<< 一つ前のコラムへ 次のコラムへ >>

「GNH」日本へ伝来

 6世紀「仏教」は大陸から伝来し日本の律令体制を確立した。16世紀にヨーロッパから伝来した「鉄砲」は日本の合戦に一大革命を巻き起こした。そして2005年、ヒマラヤの小国から1つのフィロソフィーが伝来する。日本の未来にどれだけの影響を与えていくのか。

 東京で外務省の企画によるGNHカンファレンスの開催が決定した。「アメリカに追いつけ」のスローガンで一丸となって経済的豊かさを追い求めてきた日本人には「仏教」や「鉄砲」と同じく目新しく写るに違いない。

 カンファレンス開催の背景には政府の国連常任理事国入りへの画策が見え隠れする。ブータンは今回の日本の意向に真っ先に手を挙げており貴重な賛同国をないがしろにはできない。それと同時に日本が対アメリカだけではなく世界に対しリーダーシップを取れる題材がこのGNHにはふんだんに含まれていると考えられる。

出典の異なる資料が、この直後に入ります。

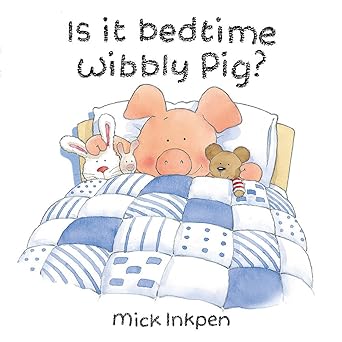 Is it bedtime Wibbly Pig?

現在開催中の愛知万博は予想以上の来場人数を記録しており世界が掲げる環境への日本の取り組みを十分にアピールしている。GNHのスローガンを導入する事で京都議定書を始めとするこの取り組みへの更なる強力なアプローチに繋がっていく事も十分期待される。また終戦60周年を迎える日本の平和構想にこのアイデアを用いれば世界初の試みともなろう。さらにGNHによる開発の考え方は分業が求められる地方行政への起爆剤とも成り得る。

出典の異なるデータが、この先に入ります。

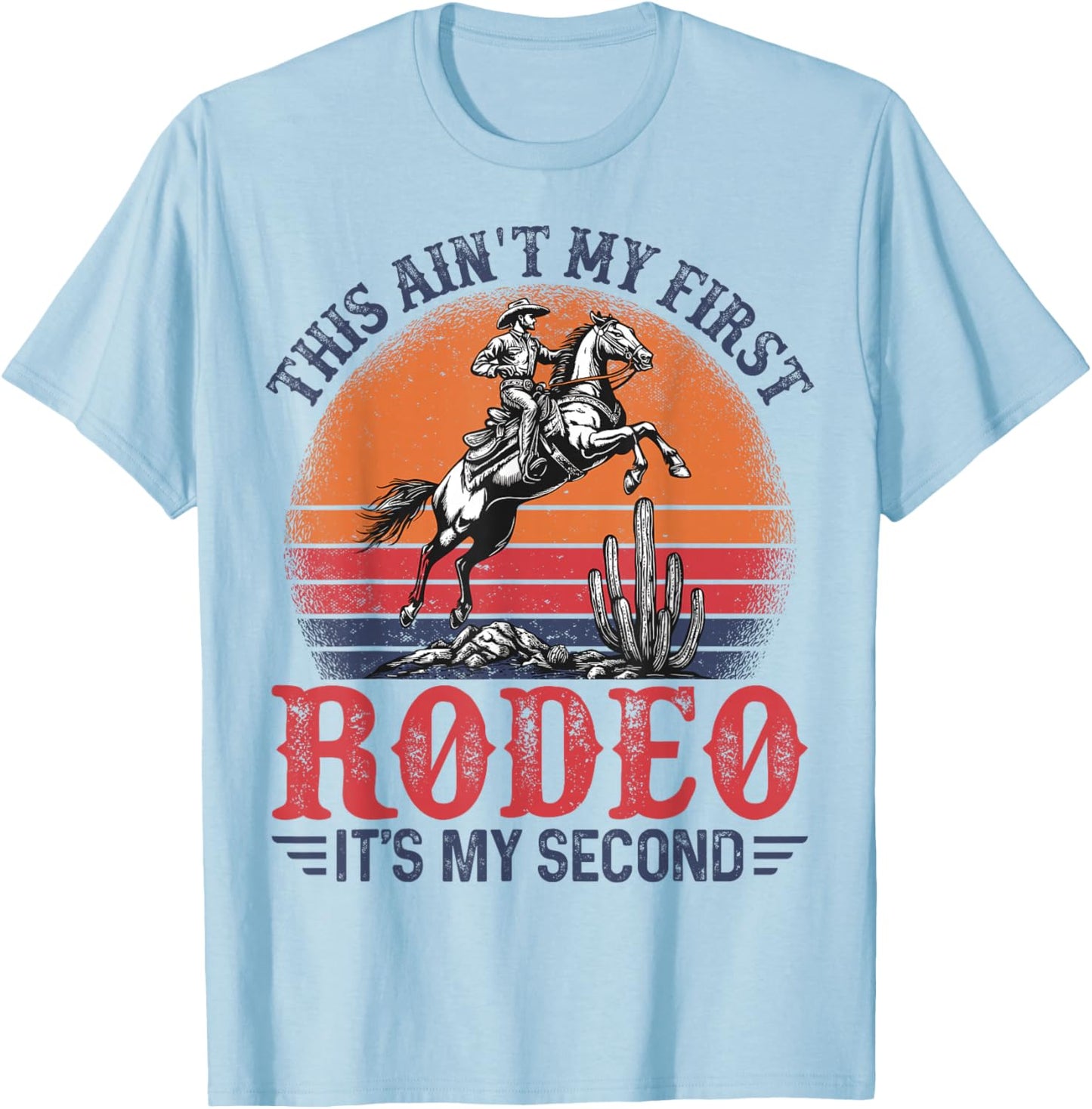This Ain't My First Rodeo It's My Second Birthday Cowboy T-Shirt - T-Shirt | Light Blue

 今回の日本における初のカンファレンスの中身においてはGNHという新しい分野の紹介に終わるではあろうが、これを機にブータンという神秘の世界だけが注目されるのではなく、経済・教育・環境・宗教、その他すべての分野における第一線の研究者達が「GNH」という新しい素材に目を向け、新しい日本の未来を画策してくれる事を期待する次第である。

 「GNHの日本伝来」が未来の歴史教科書の一行に刻まれるその日を夢見る。